■ INSTRUCTIONS FOR THE TASK
Everything below from the line with "Shinobi Shijuusou Chapter" through the line with "10 копеек 1937 года - DSC05178.JPG" should be copied exactly, and nothing else; leave out the pictures.

■ SUPPLIED INFORMATION
*****
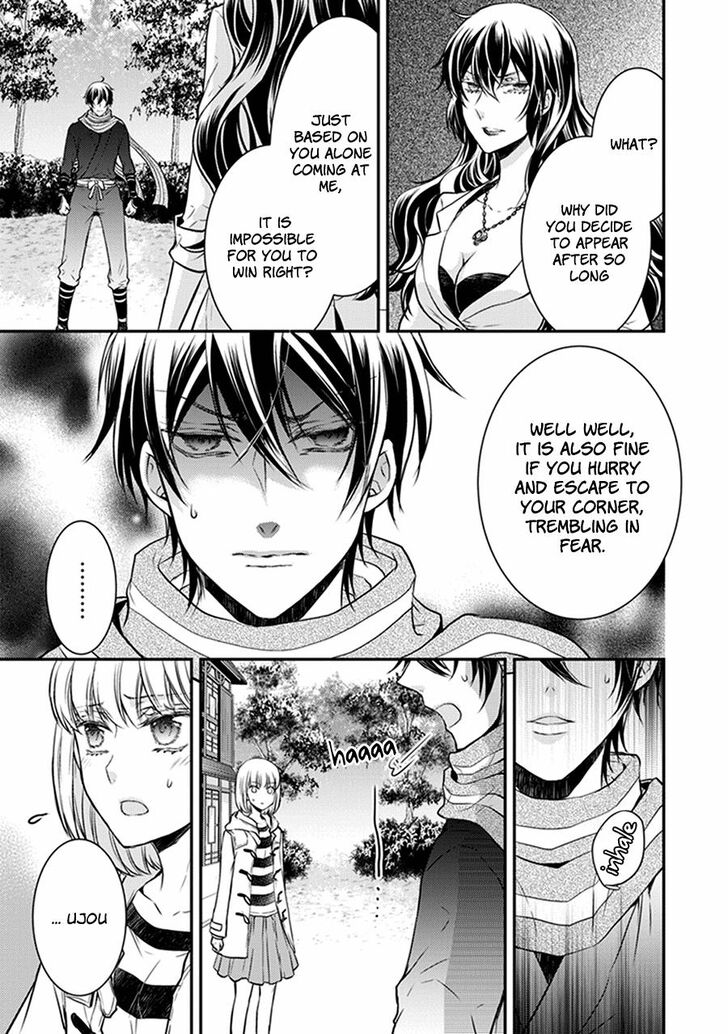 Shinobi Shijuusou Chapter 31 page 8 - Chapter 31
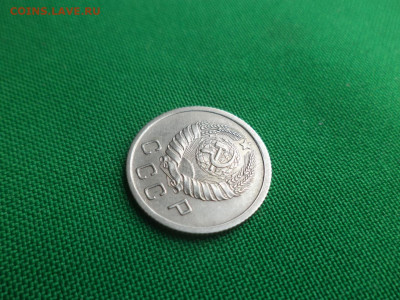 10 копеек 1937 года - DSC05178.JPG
*****
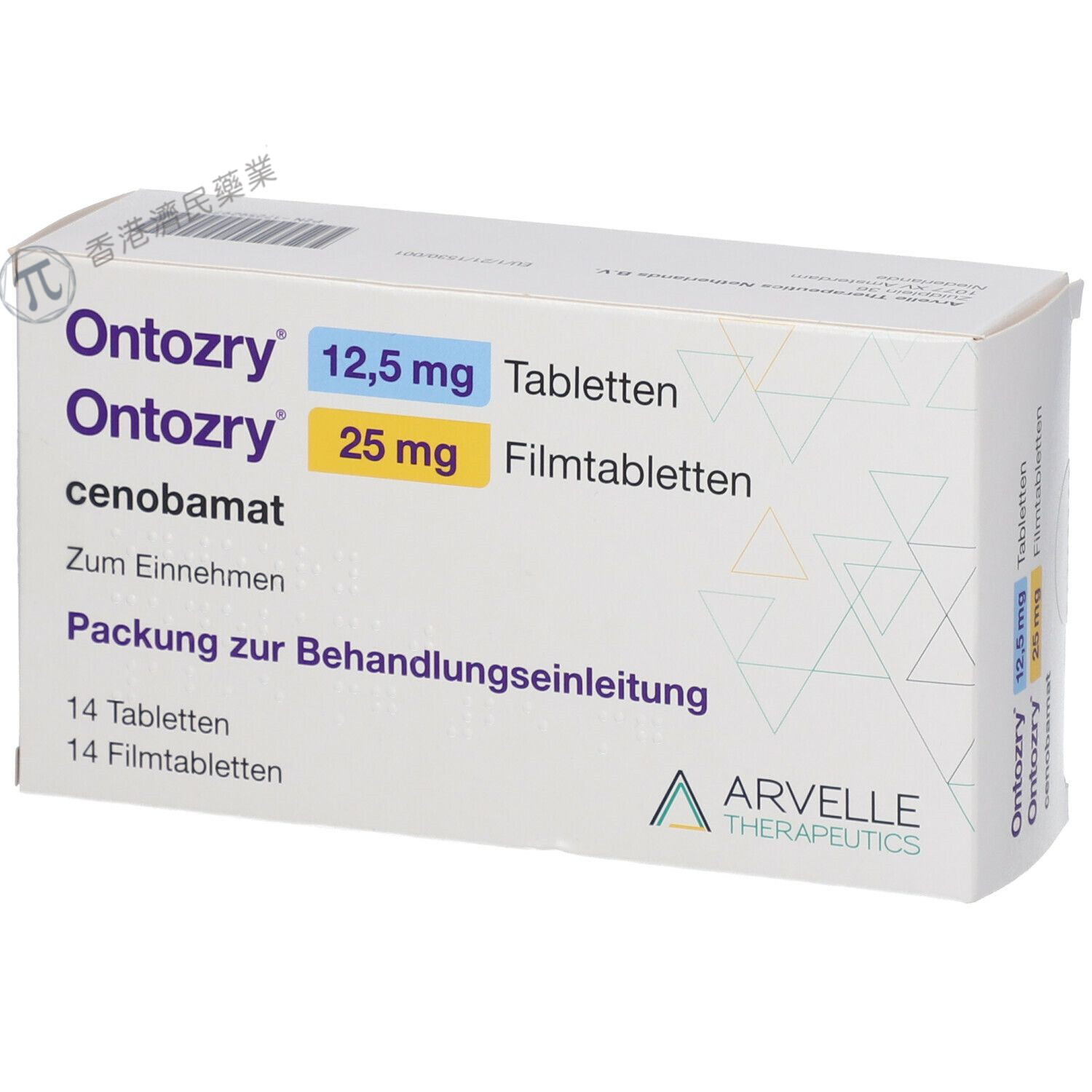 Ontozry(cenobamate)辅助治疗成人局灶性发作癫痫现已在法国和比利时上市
*****
■ THE COMPLETED TASK
 Shinobi Shijuusou Chapter 31 page 8 - Chapter 31
 10 копеек 1937 года - DSC05178.JPG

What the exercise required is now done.